→ **What the exercise asks**
All that is needed is the lines from the one containing "Muestra gratis 300ml" through the end of the listing, printed exactly, with no pictures among them.

→ **Excerpted data**
· · · ·
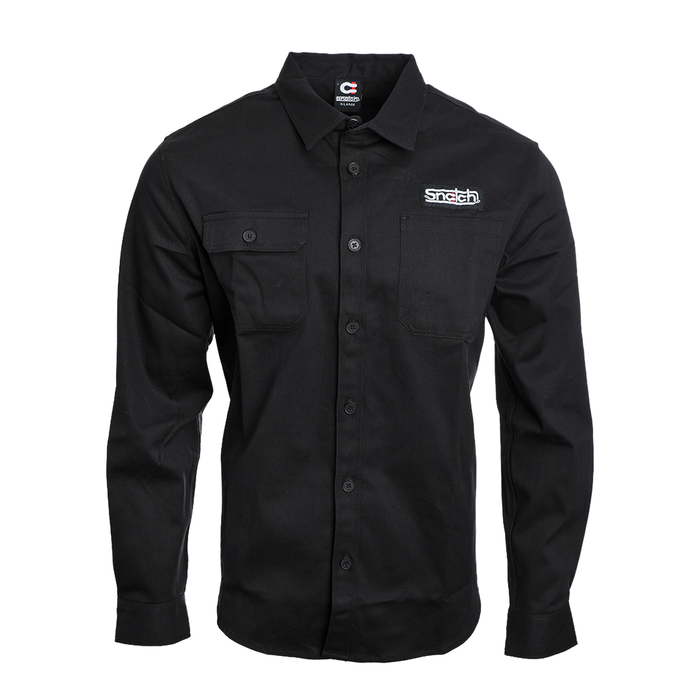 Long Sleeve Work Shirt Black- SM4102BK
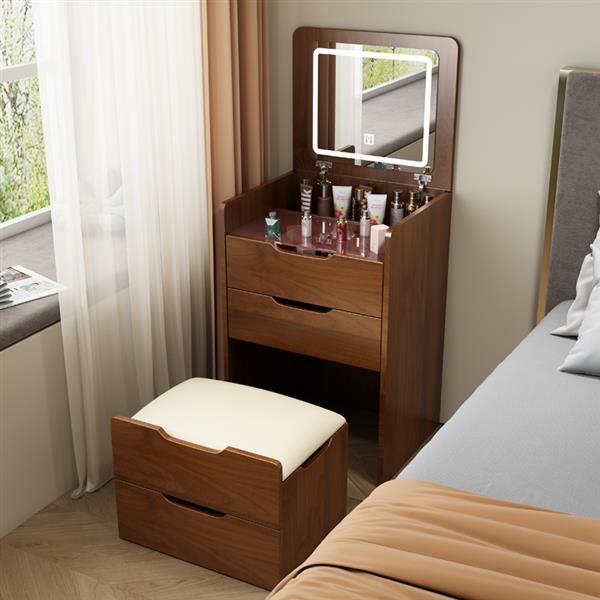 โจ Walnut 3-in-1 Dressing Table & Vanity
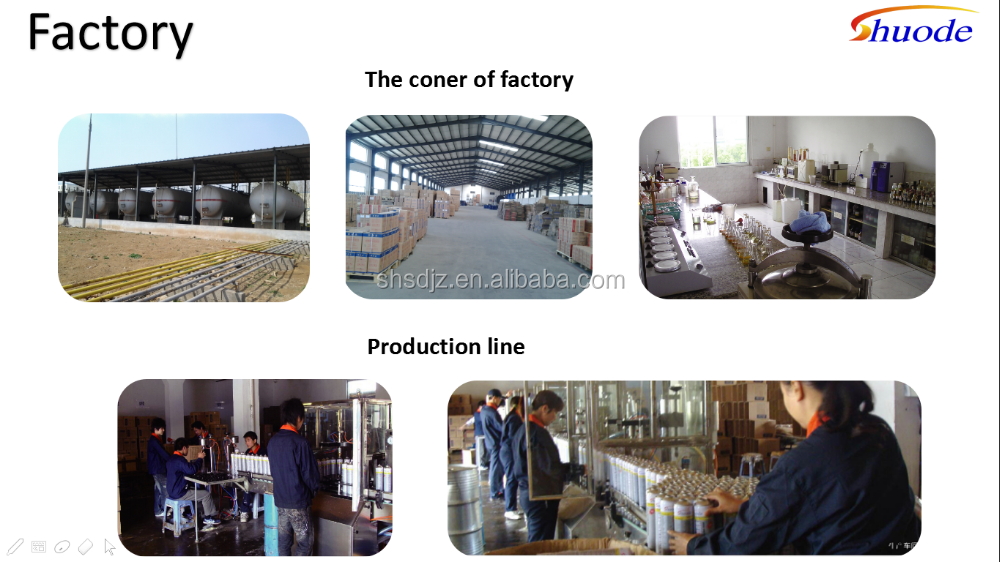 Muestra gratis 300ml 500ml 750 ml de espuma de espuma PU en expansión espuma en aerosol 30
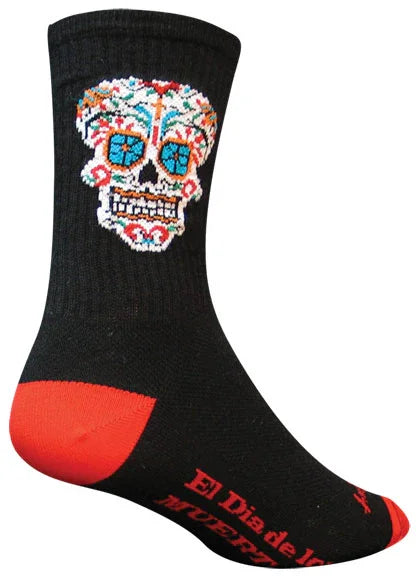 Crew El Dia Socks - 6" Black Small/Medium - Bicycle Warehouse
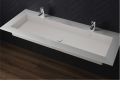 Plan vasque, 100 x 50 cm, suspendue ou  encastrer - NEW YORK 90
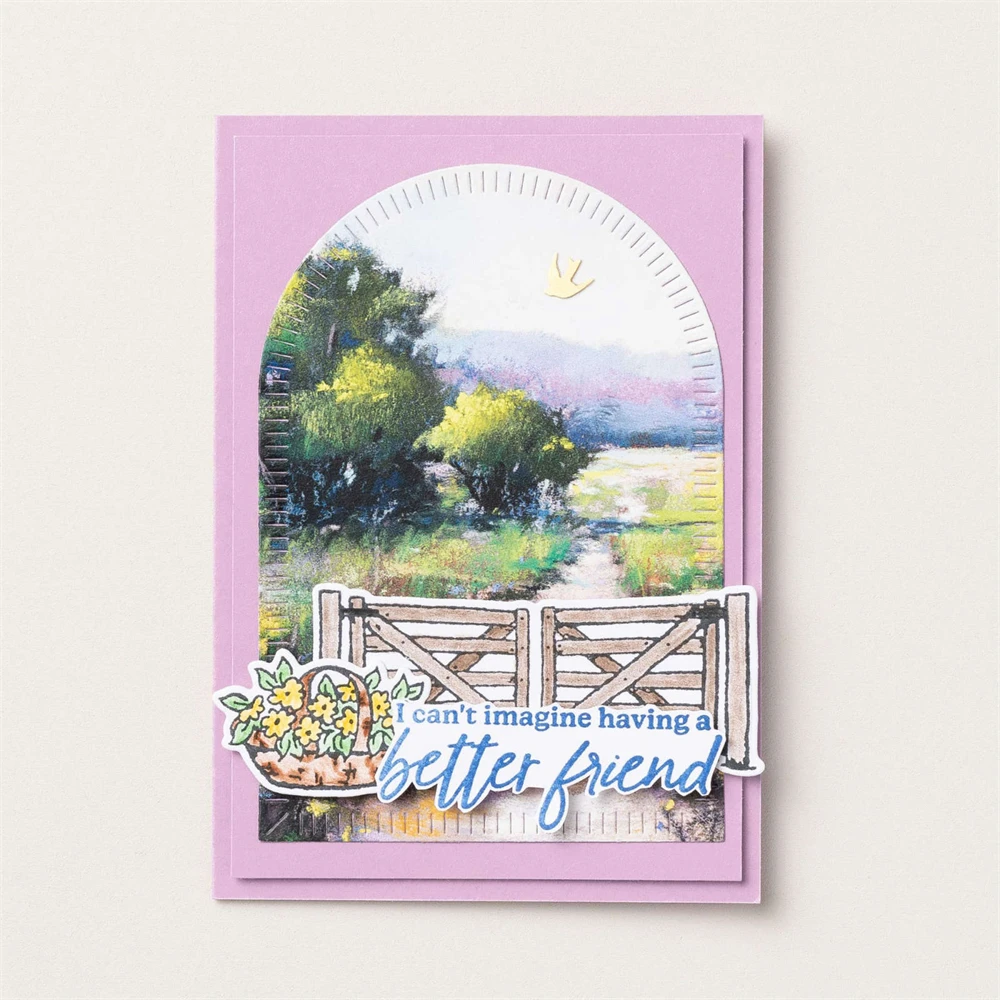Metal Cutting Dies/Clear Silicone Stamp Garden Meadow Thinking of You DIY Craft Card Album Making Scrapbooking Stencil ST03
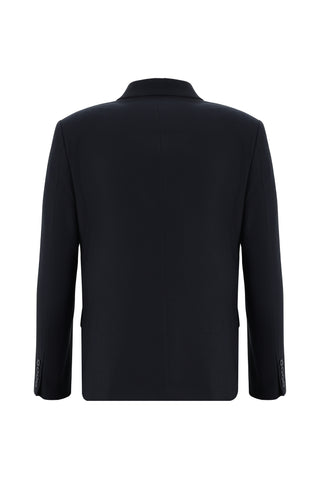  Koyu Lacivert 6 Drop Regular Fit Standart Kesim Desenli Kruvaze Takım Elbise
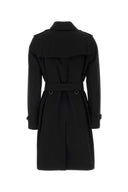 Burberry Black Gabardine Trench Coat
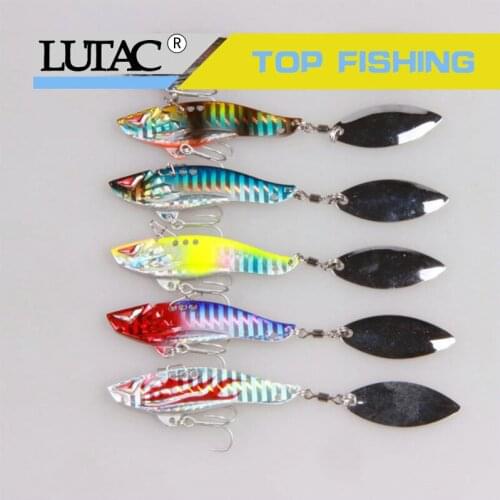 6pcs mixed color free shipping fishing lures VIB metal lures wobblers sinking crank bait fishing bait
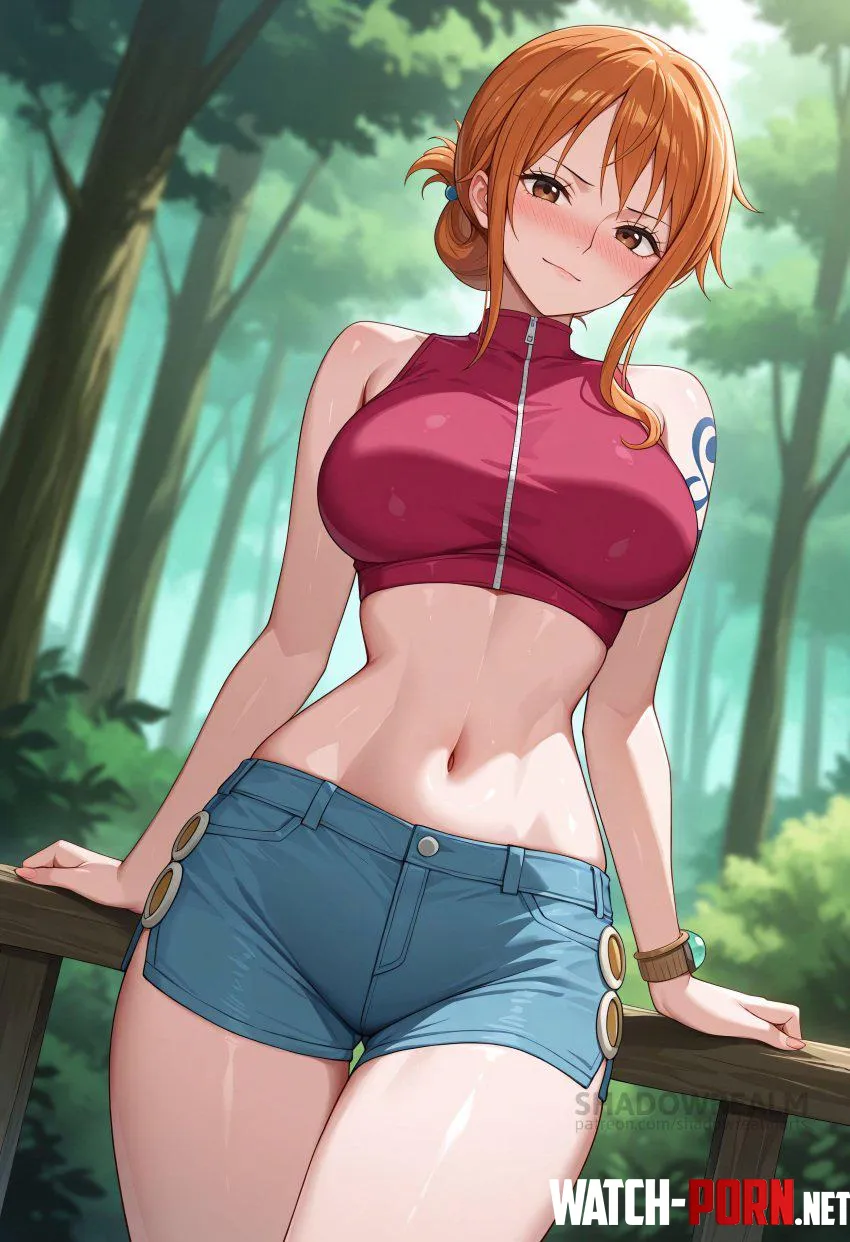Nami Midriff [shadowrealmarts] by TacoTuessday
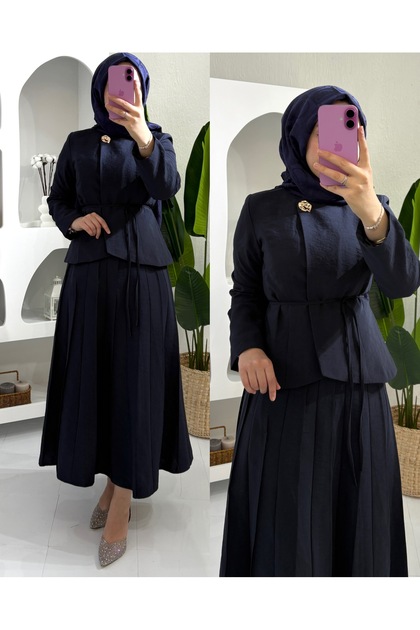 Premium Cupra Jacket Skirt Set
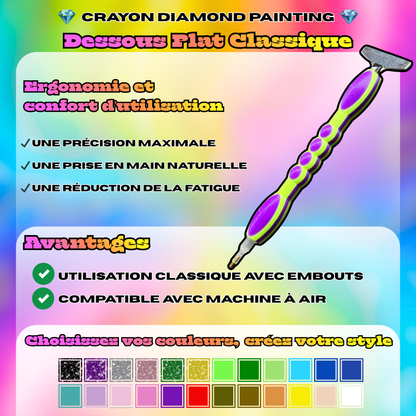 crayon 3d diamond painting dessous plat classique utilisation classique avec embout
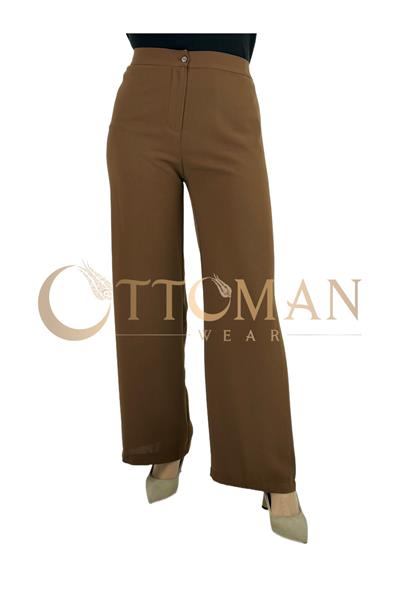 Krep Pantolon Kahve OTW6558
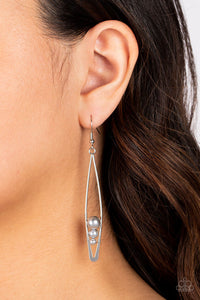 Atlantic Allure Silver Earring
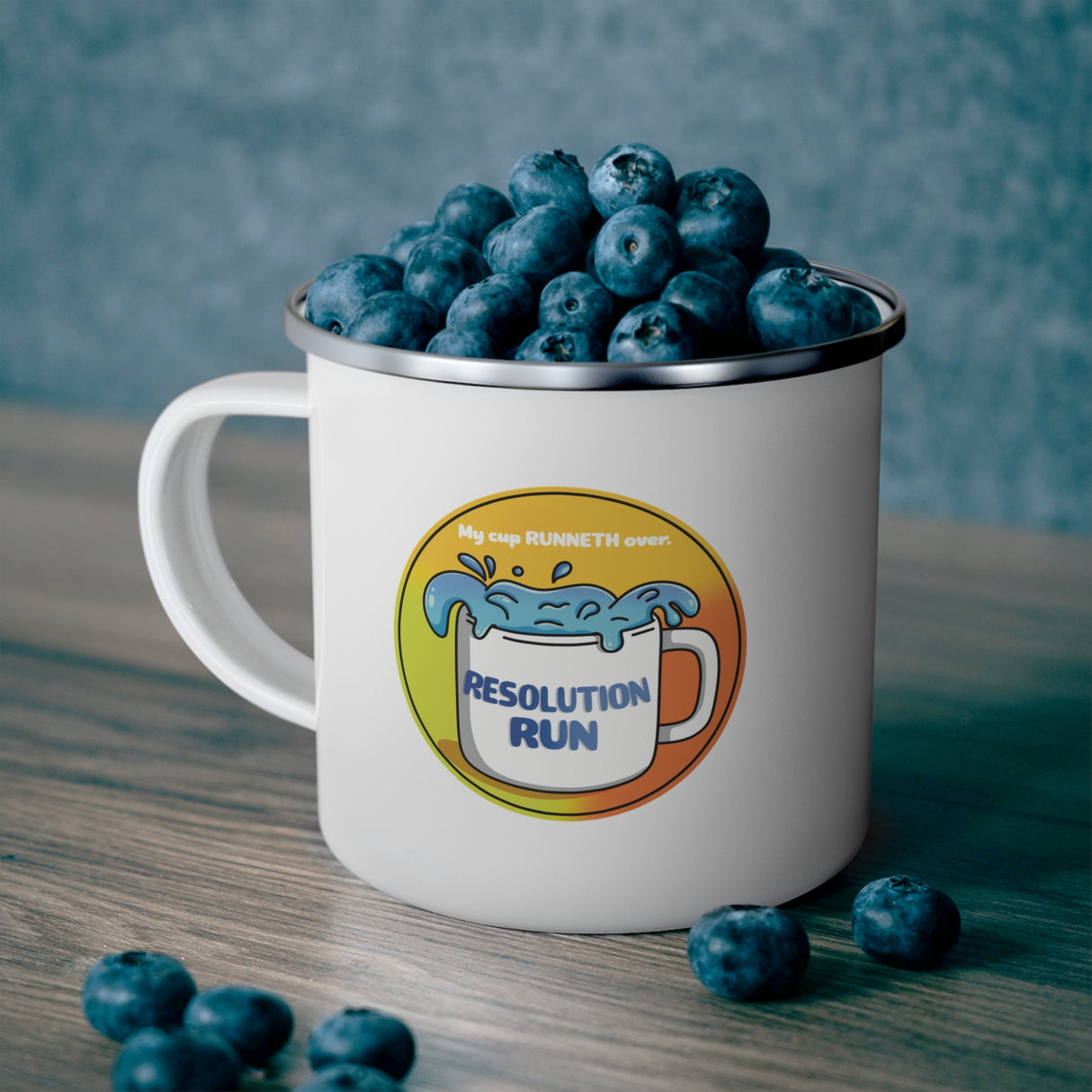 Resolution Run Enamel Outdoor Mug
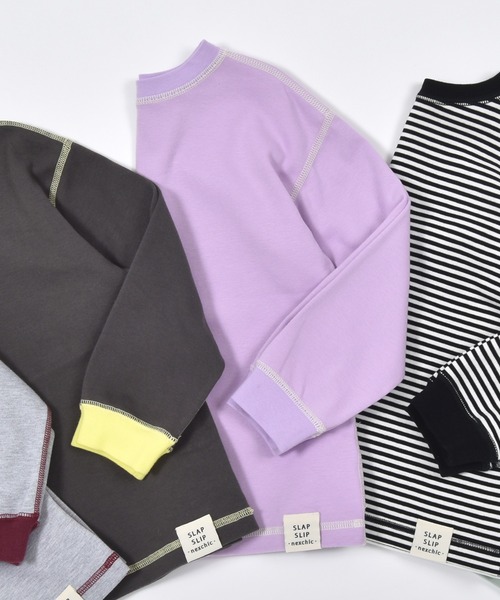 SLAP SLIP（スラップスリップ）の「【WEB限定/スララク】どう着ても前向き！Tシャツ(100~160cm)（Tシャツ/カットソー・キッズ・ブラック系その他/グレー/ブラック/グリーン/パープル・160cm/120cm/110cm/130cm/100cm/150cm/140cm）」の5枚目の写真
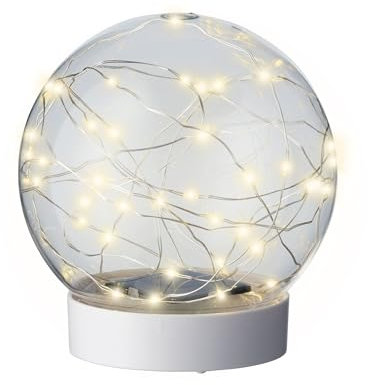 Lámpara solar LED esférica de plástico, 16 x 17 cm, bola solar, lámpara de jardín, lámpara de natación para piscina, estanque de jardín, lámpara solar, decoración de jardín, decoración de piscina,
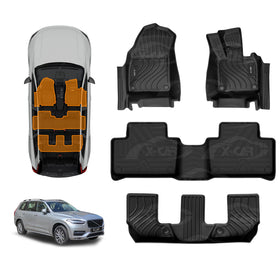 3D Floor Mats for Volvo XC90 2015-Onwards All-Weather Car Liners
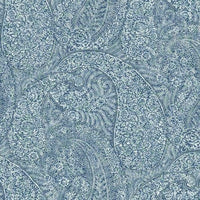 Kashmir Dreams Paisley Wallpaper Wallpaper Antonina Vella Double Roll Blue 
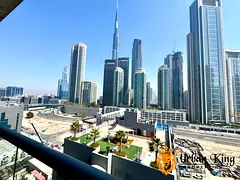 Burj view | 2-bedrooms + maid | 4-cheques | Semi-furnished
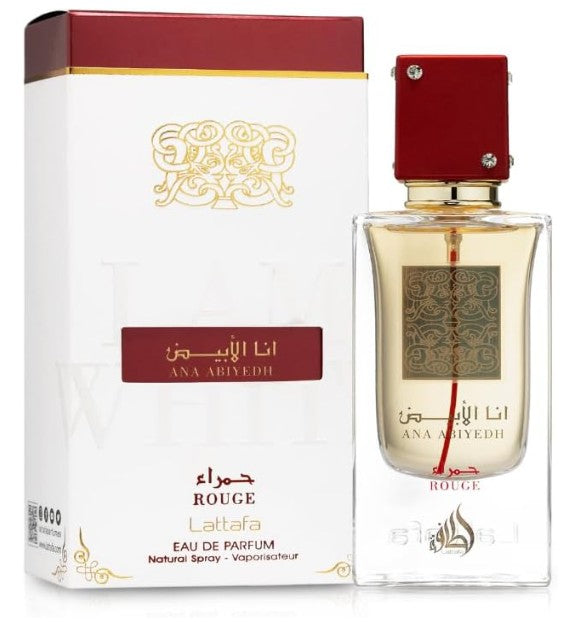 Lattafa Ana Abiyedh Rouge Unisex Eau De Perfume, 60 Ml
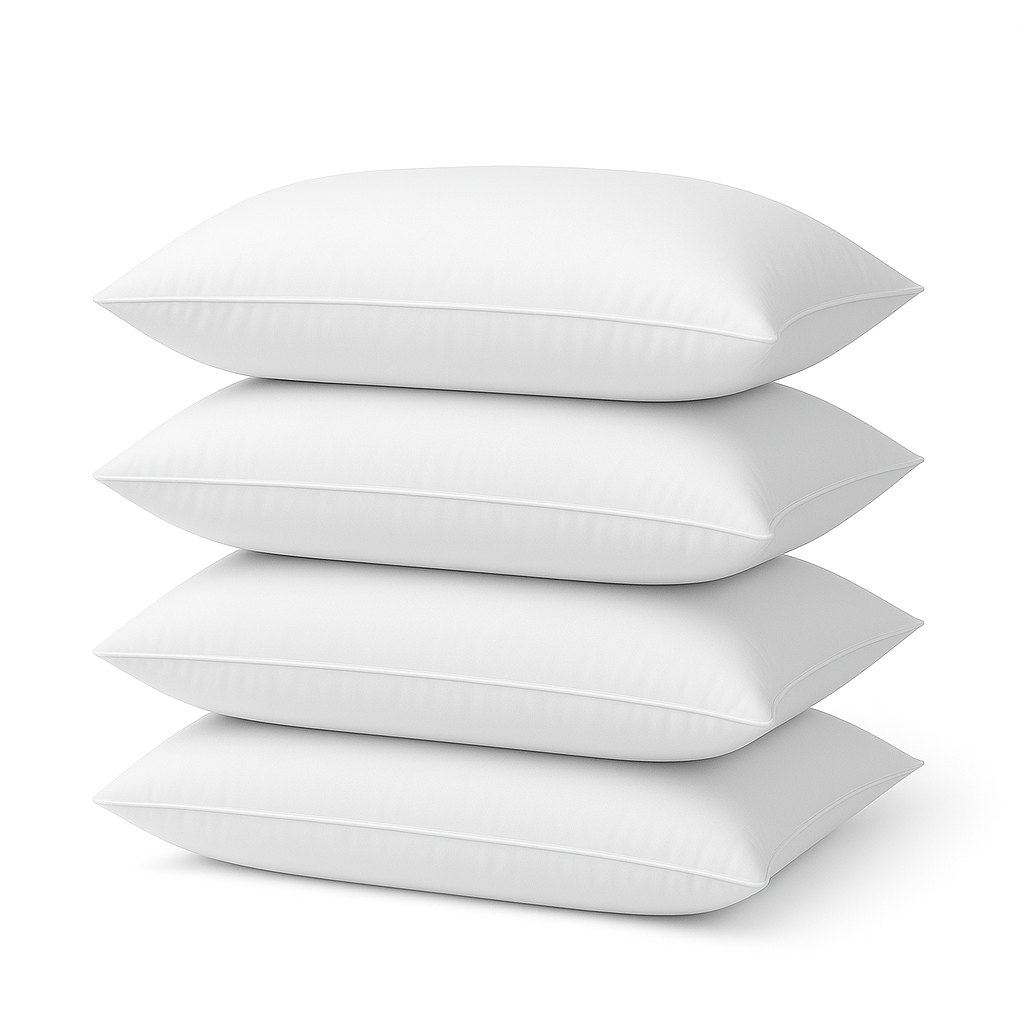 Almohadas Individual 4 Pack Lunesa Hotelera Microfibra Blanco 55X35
· · · ·
→ **Task answer**
 Muestra gratis 300ml 500ml 750 ml de espuma de espuma PU en expansión espuma en aerosol 30
 Crew El Dia Socks - 6" Black Small/Medium - Bicycle Warehouse
 Plan vasque, 100 x 50 cm, suspendue ou  encastrer - NEW YORK 90
Metal Cutting Dies/Clear Silicone Stamp Garden Meadow Thinking of You DIY Craft Card Album Making Scrapbooking Stencil ST03
  Koyu Lacivert 6 Drop Regular Fit Standart Kesim Desenli Kruvaze Takım Elbise
 Burberry Black Gabardine Trench Coat
 6pcs mixed color free shipping fishing lures VIB metal lures wobblers sinking crank bait fishing bait
Nami Midriff [shadowrealmarts] by TacoTuessday
 Premium Cupra Jacket Skirt Set
 crayon 3d diamond painting dessous plat classique utilisation classique avec embout
 Krep Pantolon Kahve OTW6558
 Atlantic Allure Silver Earring
 Resolution Run Enamel Outdoor Mug
 SLAP SLIP（スラップスリップ）の「【WEB限定/スララク】どう着ても前向き！Tシャツ(100~160cm)（Tシャツ/カットソー・キッズ・ブラック系その他/グレー/ブラック/グリーン/パープル・160cm/120cm/110cm/130cm/100cm/150cm/140cm）」の5枚目の写真
 Lámpara solar LED esférica de plástico, 16 x 17 cm, bola solar, lámpara de jardín, lámpara de natación para piscina, estanque de jardín, lámpara solar, decoración de jardín, decoración de piscina,
 3D Floor Mats for Volvo XC90 2015-Onwards All-Weather Car Liners
 Kashmir Dreams Paisley Wallpaper Wallpaper Antonina Vella Double Roll Blue 
 Burj view | 2-bedrooms + maid | 4-cheques | Semi-furnished
 Lattafa Ana Abiyedh Rouge Unisex Eau De Perfume, 60 Ml
 Almohadas Individual 4 Pack Lunesa Hotelera Microfibra Blanco 55X35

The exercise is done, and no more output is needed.